Hope is an endangered virtue in this world of drive-by shootings and refugee camps, of topsy-turvey economics and car bombs. Still, Christmas survives, even if only as a neo-pagan rite of mid-winter, because it has never ceased to be a season of hope. Look behind the sappiest television special, and you will find hope lurking. It will come disguised under a hundred versions of “the true meaning of Christmas.” Of course that “true meaning” will be a weak-kneed version of the Christian proclamation, something like forgiveness or brotherhood or giving-rather-than-receiving. God may be entirely absent. But the Christmas I know insists that our true hope is not that people can sometimes be good, but that God, who is good, is also faithful. God, for whom nothing is impossible, has loved us in our unloveliness and graced us in our gracelessness. If we are hopeful for humanity, it is certainly not because we humans have proved we can save ourselves. Rather, “the Mighty One has done great things . . .” (Luke 1:49).
It was into a sinful, doubting and hopeless world that our Savior once was born. Even absent automobiles and cell phones, it was in many ways a world we would recognize. A foreign power ruled Jesus's homeland through a puppet king whose family had converted to Judaism out of political convenience. At the top of society were the wealthy few; at the bottom beggars and lepers. The Sadducees who ran the temple maintained their authority by engaging in realpolitik with the Romans, while in the streets of Jerusalem roamed dagger-wielding sicarii, who believed that terror could topple the oppressive order. Out in the desert, extremists banded together into sects, believing only they were worthy to be saved as they counted the hours till divine judgment doomed the rest of humanity.

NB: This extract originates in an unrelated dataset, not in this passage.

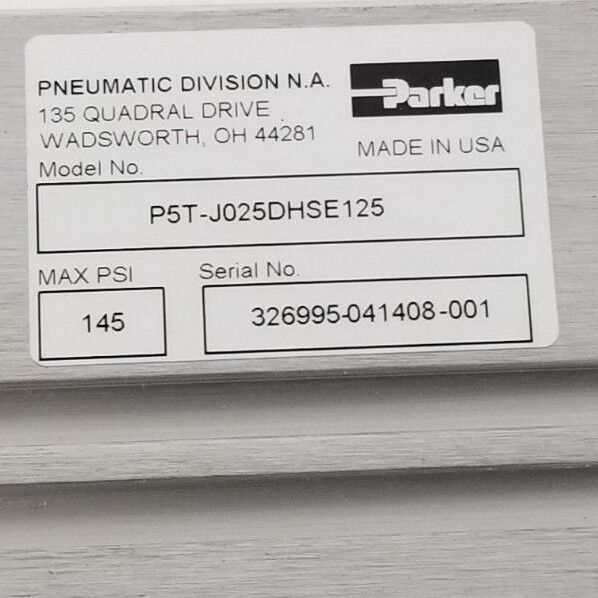 NEW PARKER PNEUMATIC P5T-J025DHSE125 SHORT STROKE THRUSTER CYLINDER 145PSI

It was a world desperately in need of Jesus; it was a world that had no place for him. There was "no room in the inn." Yet, he transformed that world with his presence. He can do it again. The Christmas spirit may be a feeble substitute for the Holy Spirit, but where there is the Christmas spirit the door is cracked for God to enter. The persistence of the themes of hope, brotherhood and human kindness that scent the air at Christmas are like that proverbial spark waiting to be fanned into a flame. Its dim glow witnesses to a planet still longing for salvation, still wanting to believe.
Often the last holdout to secularism in our malls and in our homes is the Christmas crèche. That endearing and impossible amalgam of shepherds and Wise Men silently reminds us of the Lord of this feast. Yet it is a tepid witness, overburdened with sentiment, imperiled by familiarity. Once shepherds trembled at the mere reflection of the glory of God in his angelic heralds. Once a fearful king rampaged against helpless infants to quell the light which challenged the entrenched darkness. The Italians use a word, chiaroscuro, to describe the vivid contrast of light and dark that adds so much drama to the paintings of artists like Caravaggio. But centuries before Caravaggio, Matthew and Luke proved themselves masters of the craft. The Biblical portrait of Christmas is not trite; it is painted in the chiaroscuro of divine majesty and human frailty.

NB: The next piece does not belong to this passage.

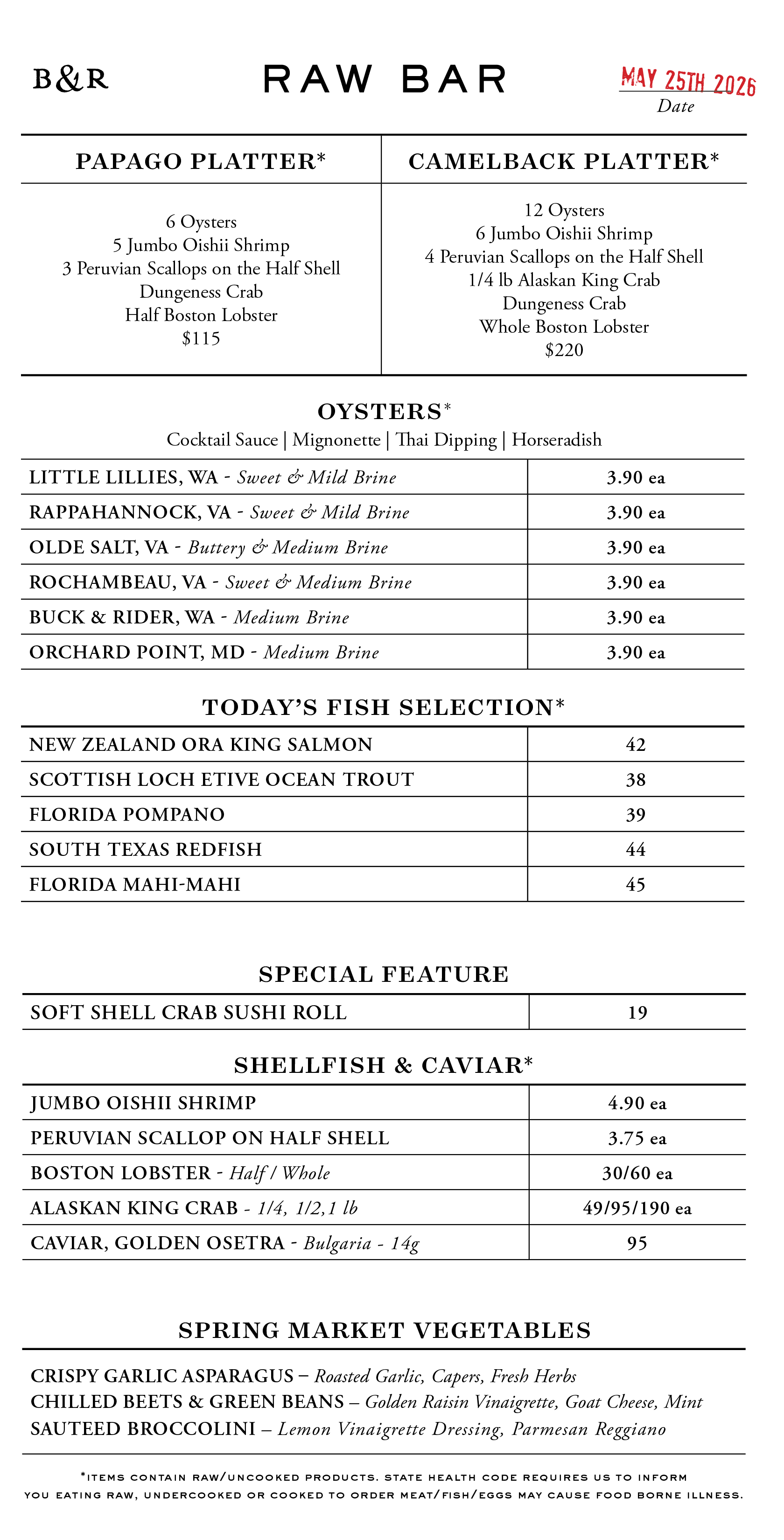 Raw Bar Menu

Then let us start there. Why not retrieve the manger scene from its comfortable niche beneath the tinsel-laden tree and hold it up to the light? We can peer beyond the cliché coziness of mother and infant child to discover the Word of God that speaks as distinctly today as ever. We can use statues of plaster and wood to lead us to matters of flesh and sinew. And we can capture the child’s delight in peeking in at baby Jesus to set free truths that still confound the aged.

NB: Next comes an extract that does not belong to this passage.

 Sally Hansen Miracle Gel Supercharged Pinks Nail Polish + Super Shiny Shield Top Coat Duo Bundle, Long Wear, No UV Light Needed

As we make the journey back to the Palestine of Jesus’ day and ahead to our own time, we are awakened to look at the familiar with new eyes. This book is Subtitled, “A Walking Tour of the Christmas Crèche” for good reason. The author does not pretend to be a learned scripture exegete, an art historian or student of folklore. This is not a scholarly opus, though it owes much to the scholarship of others. It is more a guidebook for travelers. It alerts the interested reader to stop and take note of the second wise man on the left and before exiting not to miss the staff in Joseph’s hand on the right. Here it invites one to open his Bible and reread a prophet’s words. Then it points over there to show how a familiar pose derives from a Renaissance fresco, which in turn recalls an ancient legend.